• Task requirements: An exact copy of the data is needed, but without any of its images.

• Exercise inputs:

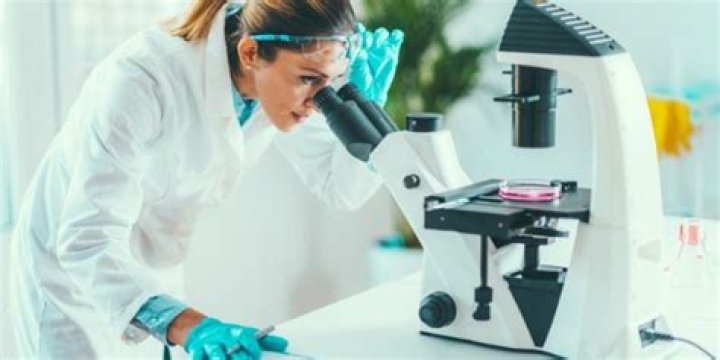 How long do geneticist work for?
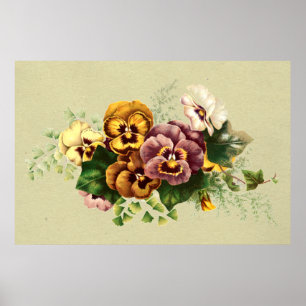 Poster Bouquet de pensées vintage
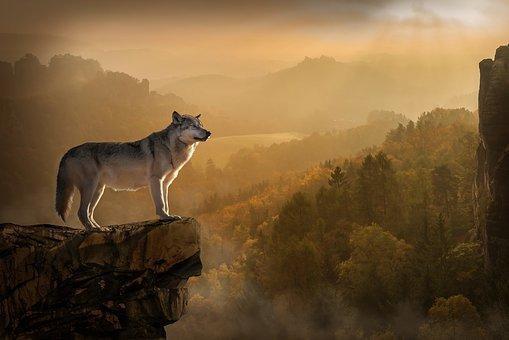真正的强者往往是在冒险中成长起来的,孤独也是狼的一种表现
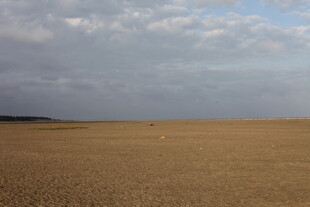 广袤金黄田野与天际云朵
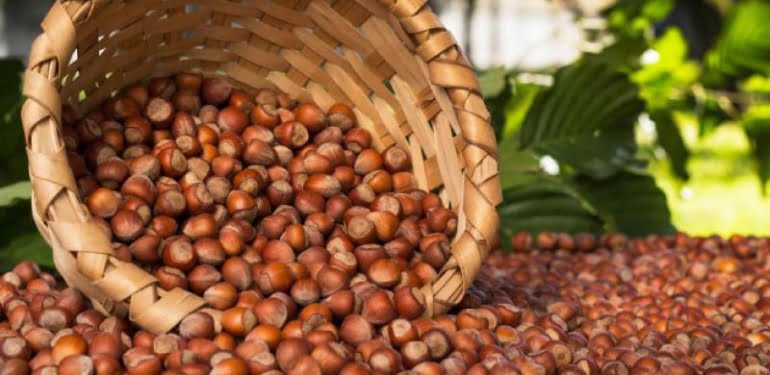 Giresun’da fındık fiyatı
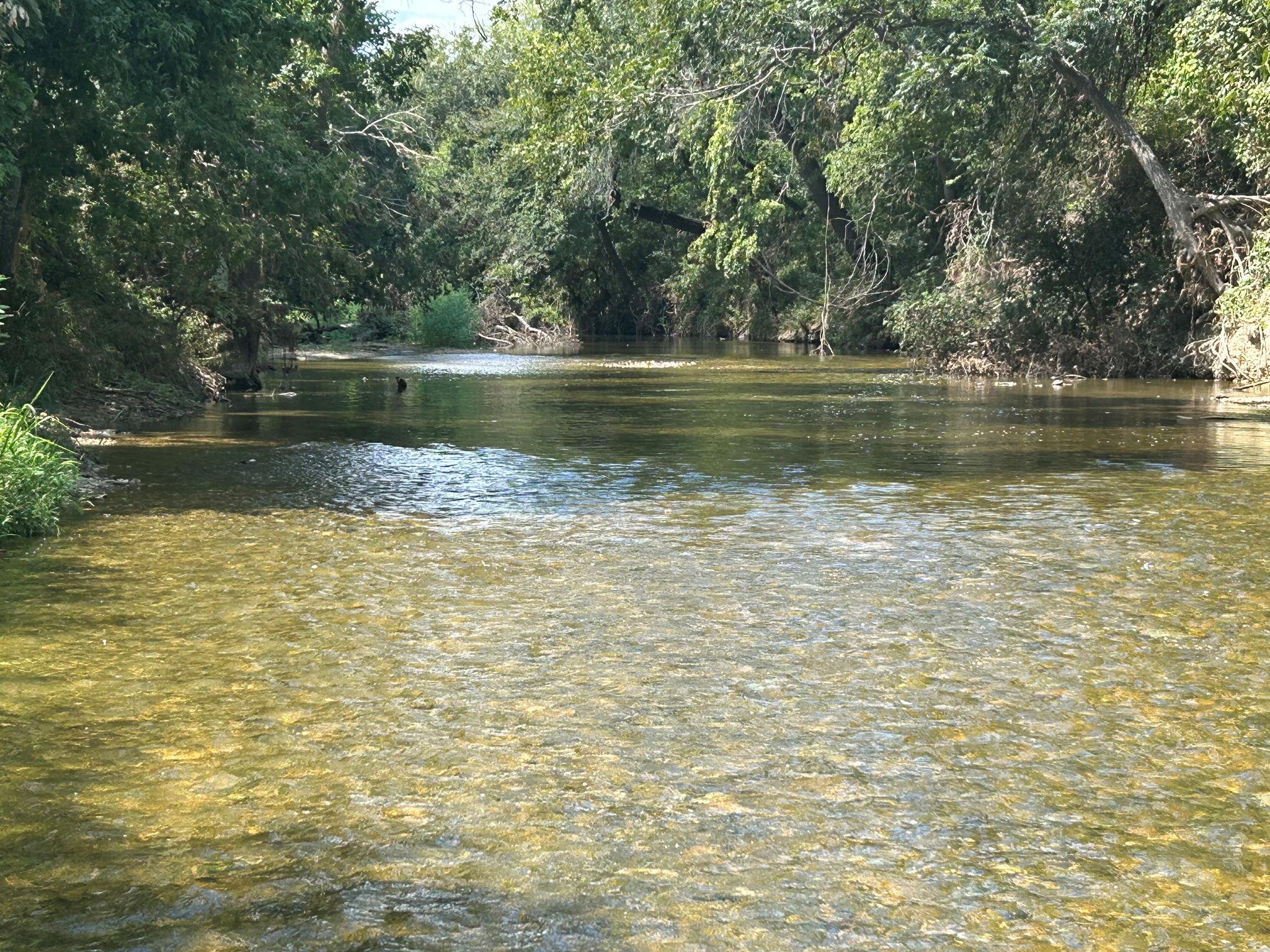 Image 12 of 13 For 11910 Fm 1660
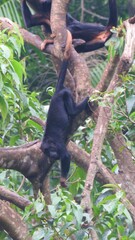 Alouatta belzebul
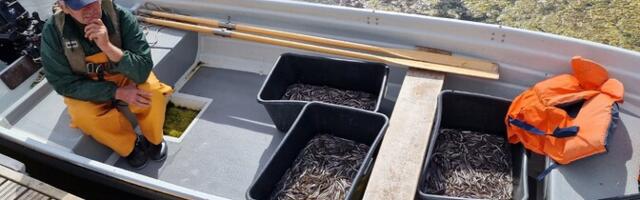 Два министерства не могут договориться о мерах по охране популяции угря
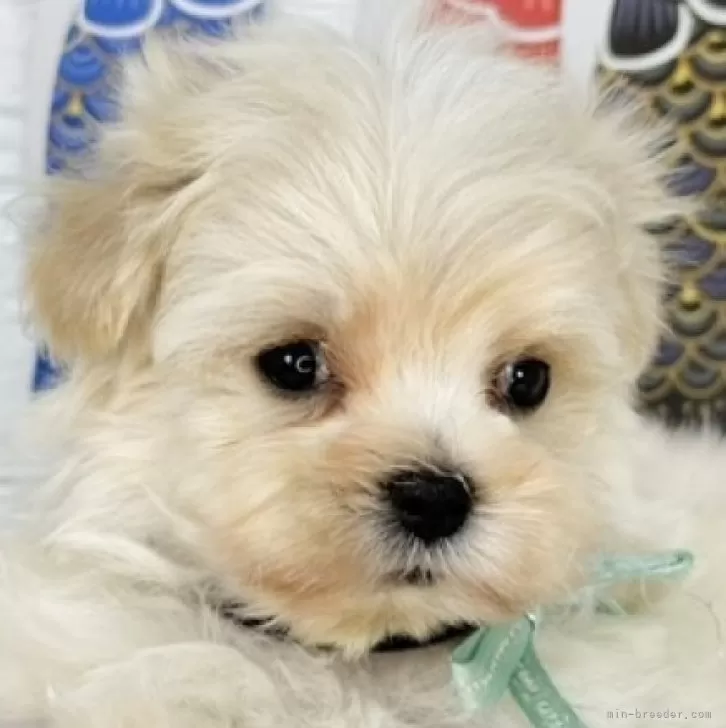 ID:2505-06230の子犬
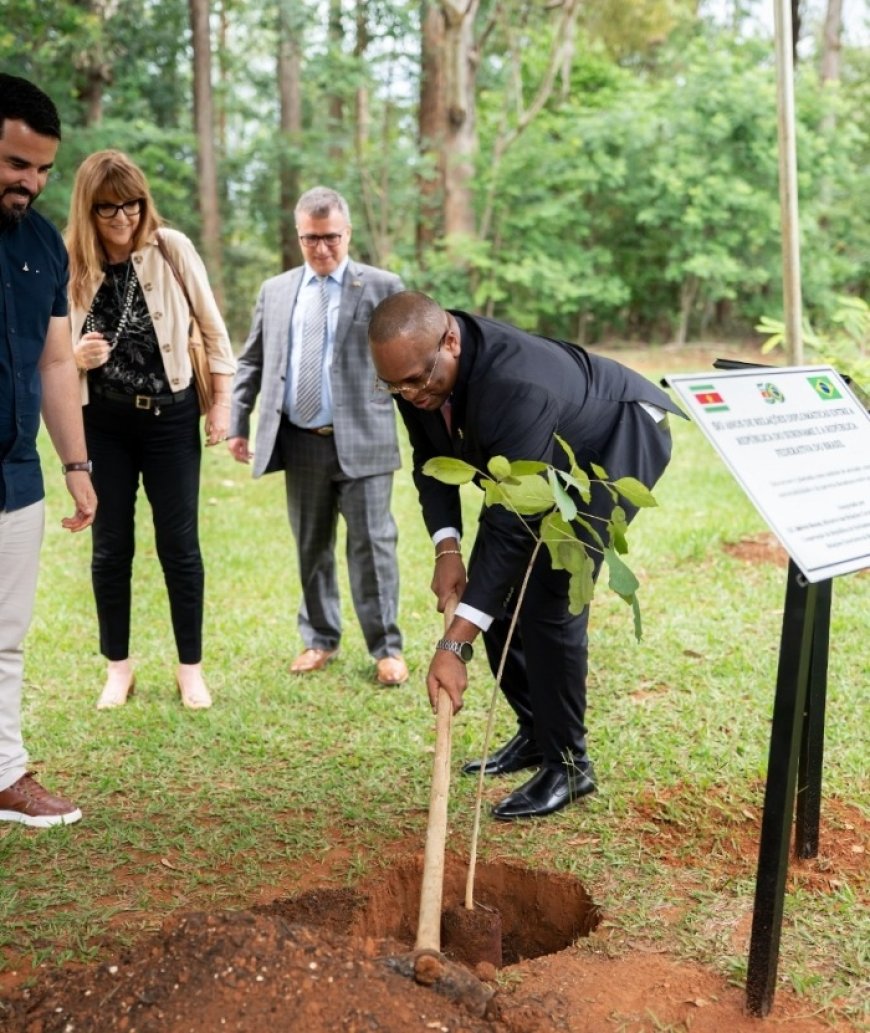 50 jaar diplomatieke betrekkingen Suriname en Brazilië: Bouva plant groenhartboom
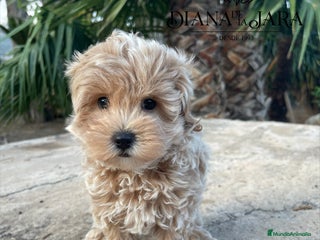 Maltipoo perros - Anuncio 12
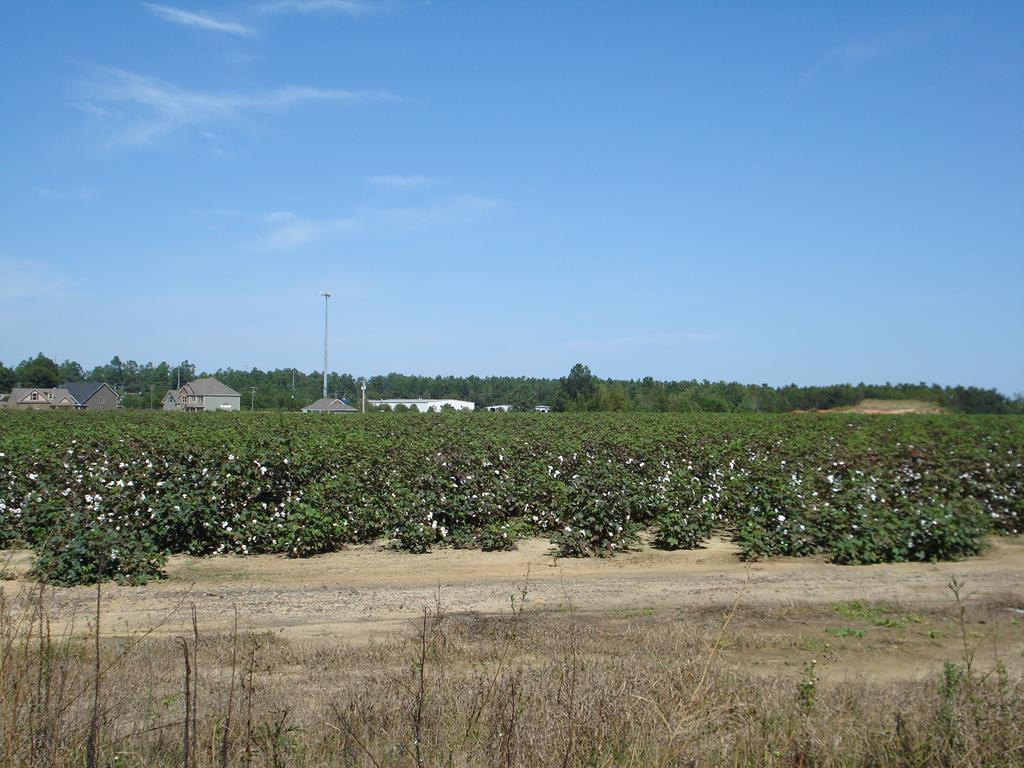 Tract B Powderhouse Road Southeast Aiken, SC 29803 - Photo 1 of 1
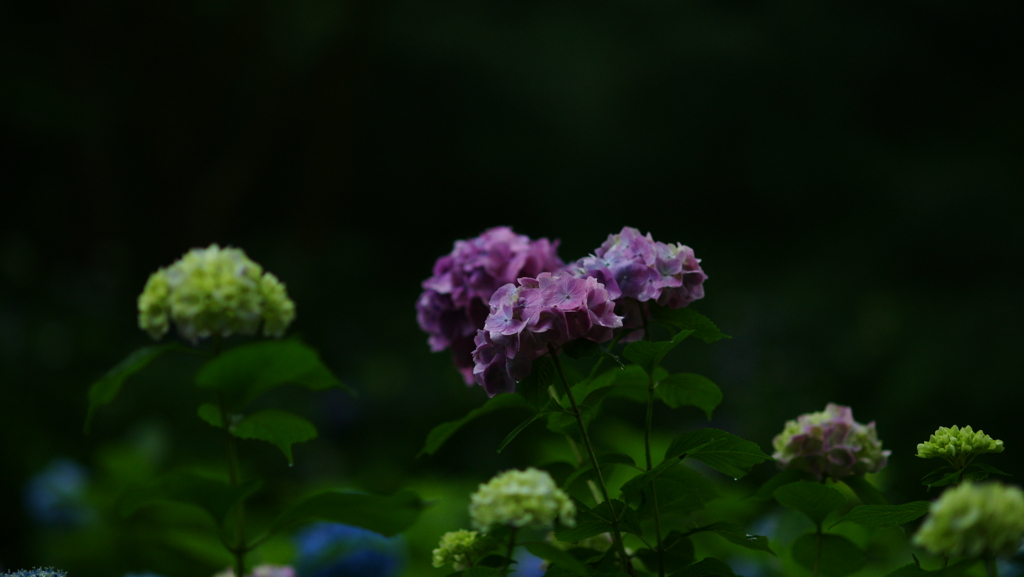 紫陽花　DSC07064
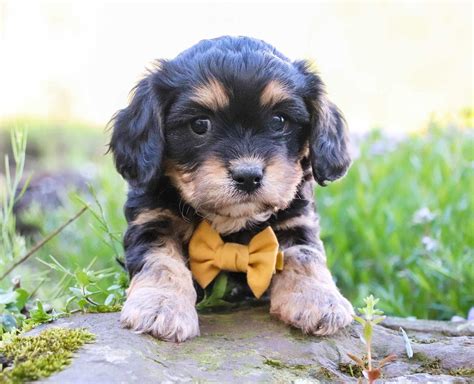 Cavachon Puppies - Cute & Sociable — Crockett Doodles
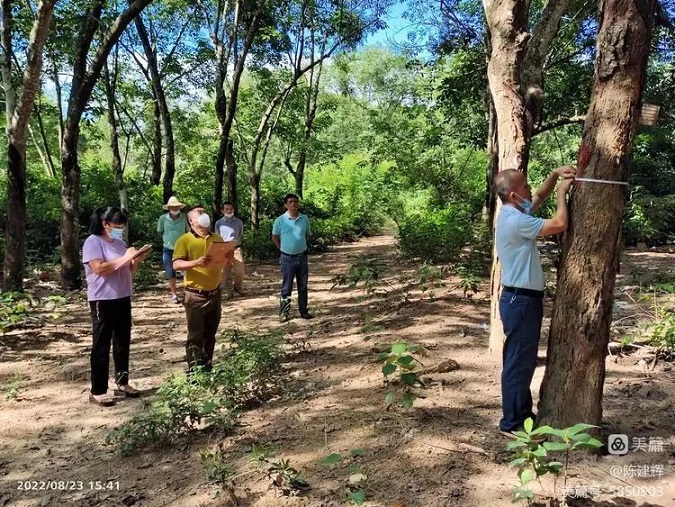 大宝娱乐-LG游戏|PT游戏|CQ9游戏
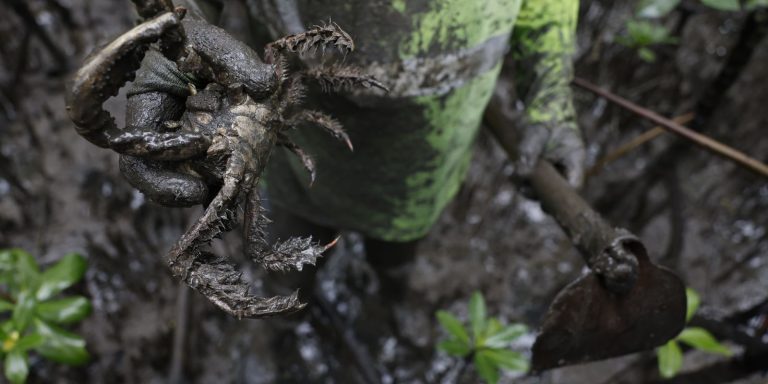 pesquisadores-identificam-presenca-de-mercurio-e-chumbo-em-caranguejos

• Task result:
 How long do geneticist work for?
 Poster Bouquet de pensées vintage
真正的强者往往是在冒险中成长起来的,孤独也是狼的一种表现
 广袤金黄田野与天际云朵
 Giresun’da fındık fiyatı
 Image 12 of 13 For 11910 Fm 1660
 Alouatta belzebul
 Два министерства не могут договориться о мерах по охране популяции угря
 ID:2505-06230の子犬
 50 jaar diplomatieke betrekkingen Suriname en Brazilië: Bouva plant groenhartboom
 Maltipoo perros - Anuncio 12
 Tract B Powderhouse Road Southeast Aiken, SC 29803 - Photo 1 of 1
 紫陽花　DSC07064
 Cavachon Puppies - Cute & Sociable — Crockett Doodles
 大宝娱乐-LG游戏|PT游戏|CQ9游戏
 pesquisadores-identificam-presenca-de-mercurio-e-chumbo-em-caranguejos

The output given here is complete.